Is that Gloucester services with the farm shop, love that place for pork pies and sausage rolls
Love the way you do your own checks during the videos you comment on and give your own experiences😊
The British having Chips as part of main meals, alongside pizza or sausages or a beef mince pie, etc. could be an age thing. Those under 25 (this is a guesstimate) might not be used to that but older people will be, because it was more common in the 70s, 80s and 90s. So comments saying it's not popular are more likely to be from younger people and of course not everyone has chips and something meals, so there's that too.
edit: The Chips and Pizza meal is more of a cooked at home meal, than a takeaway one too, though several pizza delivery places do have chips on their menus too. I know I've had it from time to time.

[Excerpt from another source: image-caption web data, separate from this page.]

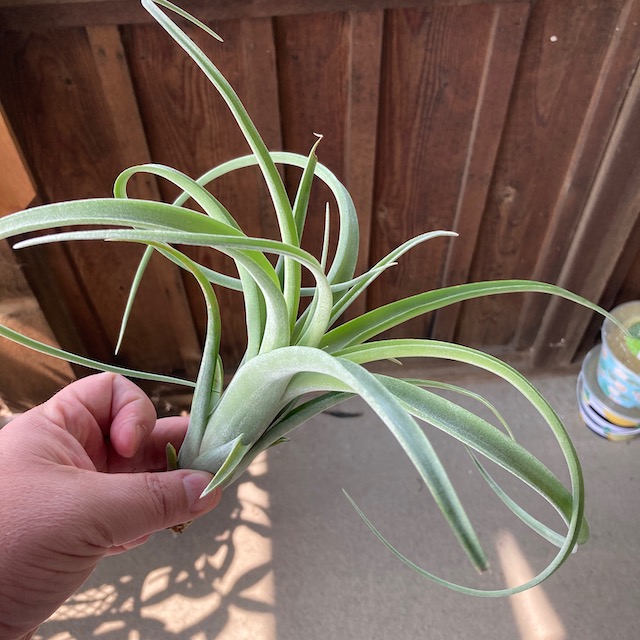 "Tillandsia Curly Slim"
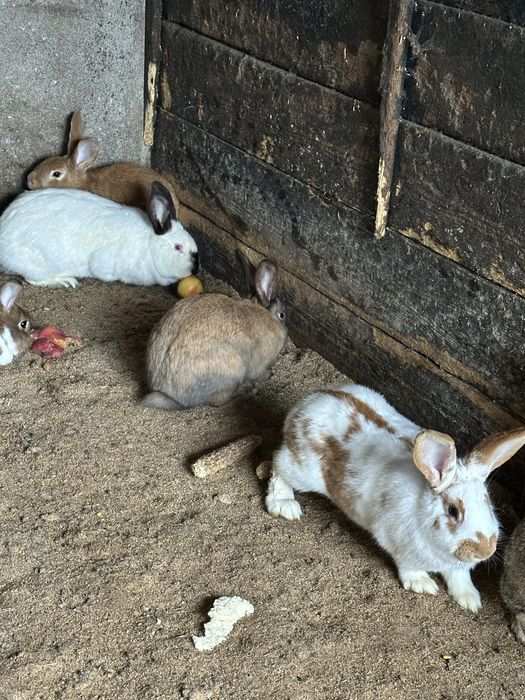 Vand iepuri  de casă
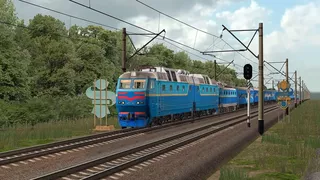 ZDSimulator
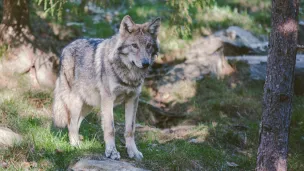 Les éleveurs parlent d'ores et déjà "d'année noire" en matière d'attaques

Also in the 70s and up to the mid 80s, pizzas were not the size of a small table, and home delivery was yet to become a thing. They were more often than not, no more than 8 inches across, and lived in the freezer. So there was plenty of room for chippie chips.

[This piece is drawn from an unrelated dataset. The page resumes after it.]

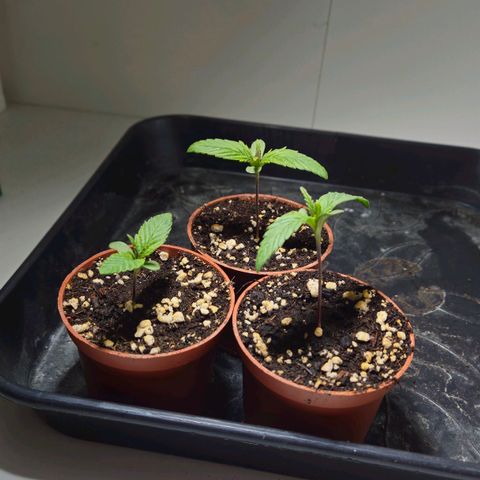Durban Poison growlog timeline photo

This often offends americans to find out, but apple pie and even pumpkin pie... is british. Apple pie is way older than america. Britain has always been a pie loving island. So pumpkin pie was logically created when the pumpkin was first imported to the uk. On top of this, even Mac n cheese existed in the uk before america. Admittedly none of them are as common in the uk, because we prefer meat pies and other pasta dishes. But they are british food. You can have pecan pie.

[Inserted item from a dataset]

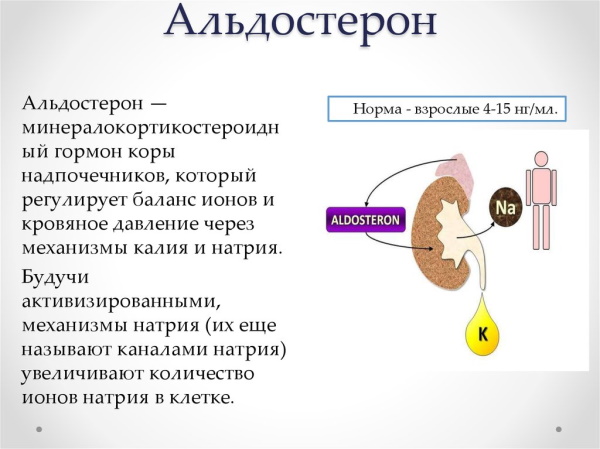 Антагонисты альдостерона. Препараты и механизм их действия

Butter is always added to sandwiches unless you clearly state you don't want it. This is really annoying if, like me, you don't like it. On the occasions I've been to sandwich shops I have had to get 'no butter' in very quickly. Buttered bread is definitely the norm over here.
I've found the norm with sandwiches is actually mayo in shops but people use butter at home.
I remember being in the UK and the sandwiches were pre-made and in a case. I asked for one without butter and they said they were pre-buttered. But this was 20 years ago, so maybe things have changed. I'm used to delis where you get sandwiches however you want them.
Just came back from Sardinia and they had a pizza with chips on it on a menu. Suprised. Never seen pizza and chips in the UK (but accept it must be a thing in some areas) Have seen jacket potato and pizza though :)
Agree about convenience of transferring money in UK. Instant. None of my friends in UK really carry any cash now. Was also suprised that in Sardinia that there were parking payment machines that still only accepted cash and in shops/supermakets locals were mostly still using cash. In UK people pay contactless, or if too high value, use card and pin.
Motorway rest stops such as Welcome break are nothing like Bucc-ees which is more like a out of town retail outlet our service areas are meal based rest stops ....
My mums rules for butter work. If it has a flat surface you butter it. To the edge. Thick enough to leave teeth marks.
My son and I send each other money through our banks all the time, and we don't have the same bank. It's so simple.
Same. I am surprised it's such a lot of faffing around in US.
We have the same thing in the US. It's called Zelle, and it's through our banks. Not sure why people are saying we don't.
Hi your voice is sooo calming and watching your videos is always nice, you kinda remind me of Michael Jackson in a good way:)
When she said Americans are loud, can't say that about you, your quietness is what drew me to watching your videos, Butter was originally put on sandwiches for picnics, by spreading the butter all over the bread right up to the edges you stop the contents making the bread soggy, nobody wants soggy butties 😊
Met many Americans, the stereotype is true. The last two Americans I met I literally heard before I even saw them. Their loud talking about "profit scale factor" on the phone was audible before I noticed them. This was in central London. By contrast I spoke to about 20 people from probably about 5 different countries before that, and they were all more pleasant.
Give me any european, australian or someone from timbuktu over an American any day of the week.
@@thefiestaguy8831 I am talking about JJ not the rest of the world, it is his channel you are watching.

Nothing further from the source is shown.